It is mainly about the public interface, and not about the internals.

So below I summed some remarks. And to be clear, just some personal ideas to discuss!

1. The Categorical object vs the 'category' Series

Previously, there was already the Categorical class:

In [1]: pd.Categorical(["a","b","c","a"])
Out[1]:
 a
 b
 c
 a
Levels (3, object): [a < b < c]

Now, you can also put this in a Series:

In [2]: pd.Series(pd.Categorical(["a","b","c","a"]))
Out[2]:
0    a
1    b
2    c
3    a
dtype: category
Levels (3, object): [a < b < c]

To create this Series, you can either put an existing Categorical inside a Series (as above, or by assigning it to a column of DataFrame, like df['cat'] = pd.Categorical(["a","b","c","a"])), or you can convert an existing Series to the 'category' dtype:

pd.Series(["a","b","c","a"]).astype('category')

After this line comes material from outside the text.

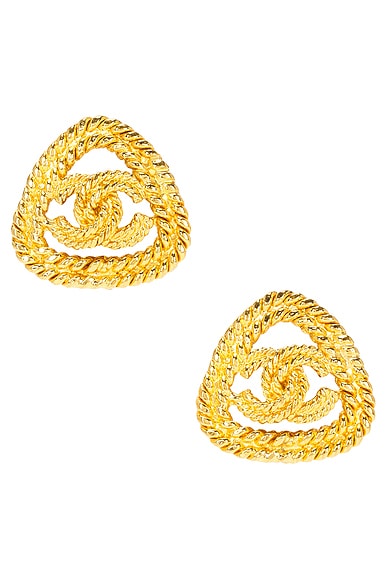 Chanel CC Triangle Clip-On Earrings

So basically, there are now two different main objects to deal with categorical values (the Categorical object and the Series of 'category' dtype), which are also used both and mixed in the docs.
This raises the question if this is needed? (also touced lightly here: ). Some remarks:

I'v also found in the discusion the following by @JanSchulz (sorry if I misquote you guys :-)) (#8007 (comment)):

I've not found a usecase which would need to touch categoricals instead of Series(Categorical(...)))

and response of @njsmith to that:

I don't really care what the data type for holding categorical data is, but I can certainly see the advantage of having just one data type. And if so then Series seems like a good choice for that.

So proposal: just use Series with 'category' dtype in all user facing API/functions and documentation.

2. Naming issues (levels, labels, codes, categories, ..)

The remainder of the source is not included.